In het voortgezet onderwijs zijn in 2013-2014 minder leerlingen geschorst of verwijderd dan in het schooljaar daarvoor. Dat meldt de Inspectie van het Onderwijs.
Het aantal leerlingen dat voor kortere tijd van het onderwijs werd geschorst, nam af met 10 procent tot 4835. Gemiddeld worden leerlingen voor drie dagen geschorst. Het aantal verwijderde leerlingen daalde met ongeveer 7 procent tot 555.
De meest voorkomende redenen voor schorsing of verwijdering zijn fysiek geweld tegen medeleerlingen, verbaal geweld tegen personeel en storend gedrag binnen de lessen.
De groep geschorste leerlingen in 2013-2014 bestond voor ruim driekwart uit jongens. De meeste meldingen van schorsing en/of verwijdering betreffen leerlingen in het praktijkonderwijs of het vmbo. Denominatie van de school blijkt nauwelijks verschil te maken.

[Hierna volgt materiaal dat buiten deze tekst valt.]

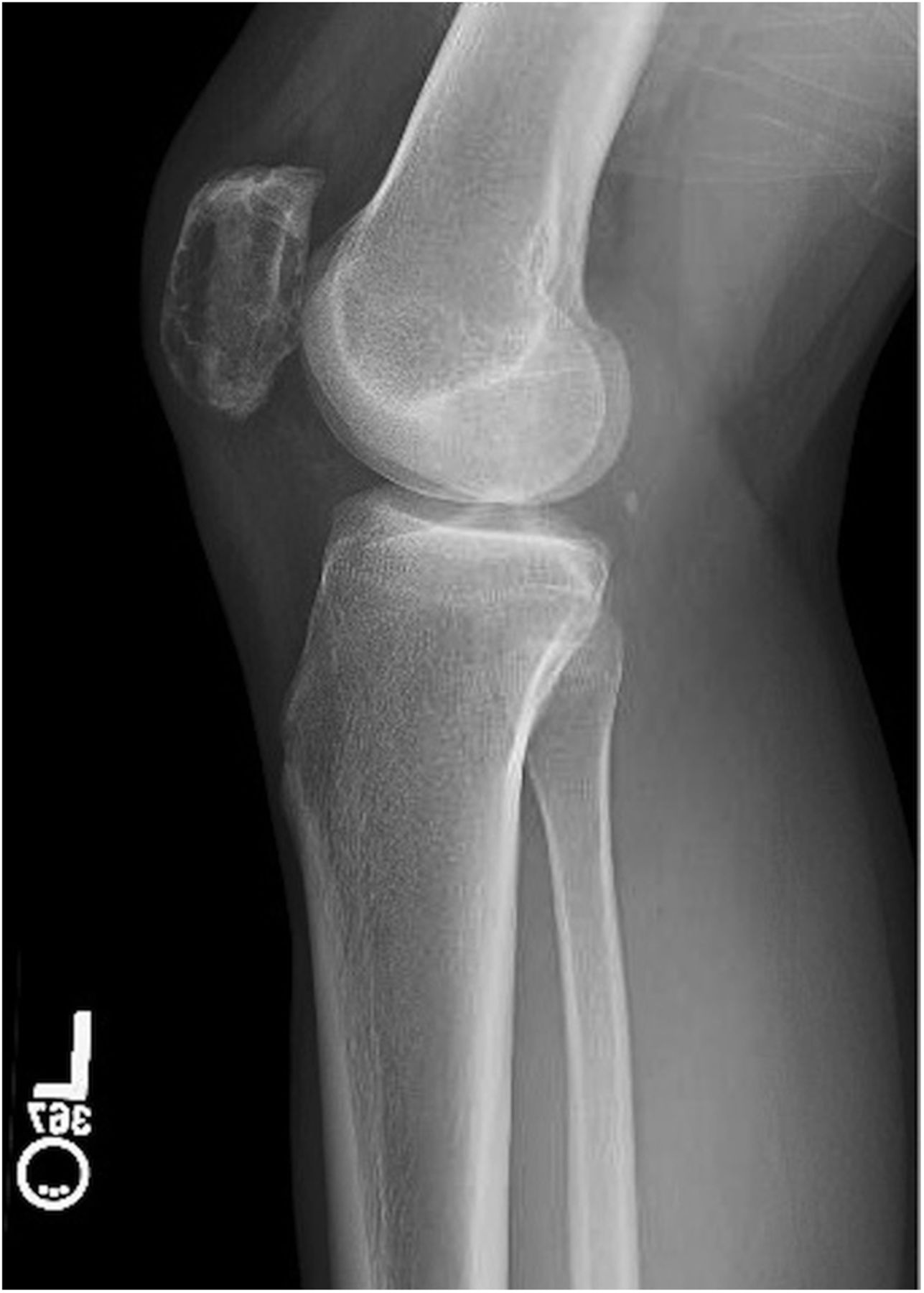 A 33YearOld Man with Left Knee Pain JBJS Image Quiz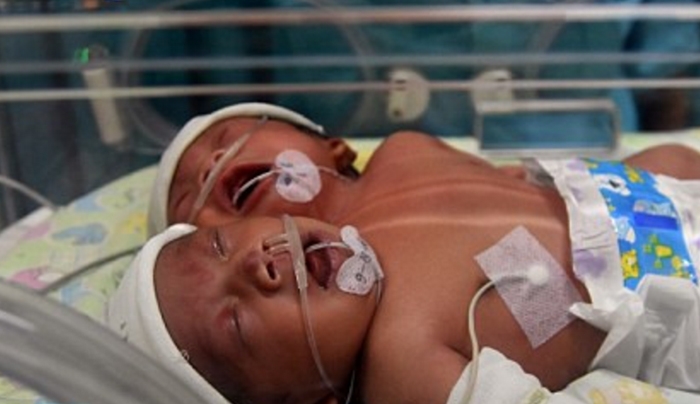 Γεννήθηκε μωρό με δύο κεφάλια στην Ινδονησία [εικόνες-βίντεο]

In de vier grote steden ligt het percentage schorsingen en verwijderingen met 1,6 procent van de leerlingen tweeënhalf keer zo hoog als gemiddeld over het land. In de provincie Overijssel komen naar verhouding de minste schorsingen en verwijderingen voor: daar gaat het om 0,1 procent van de leerlingen.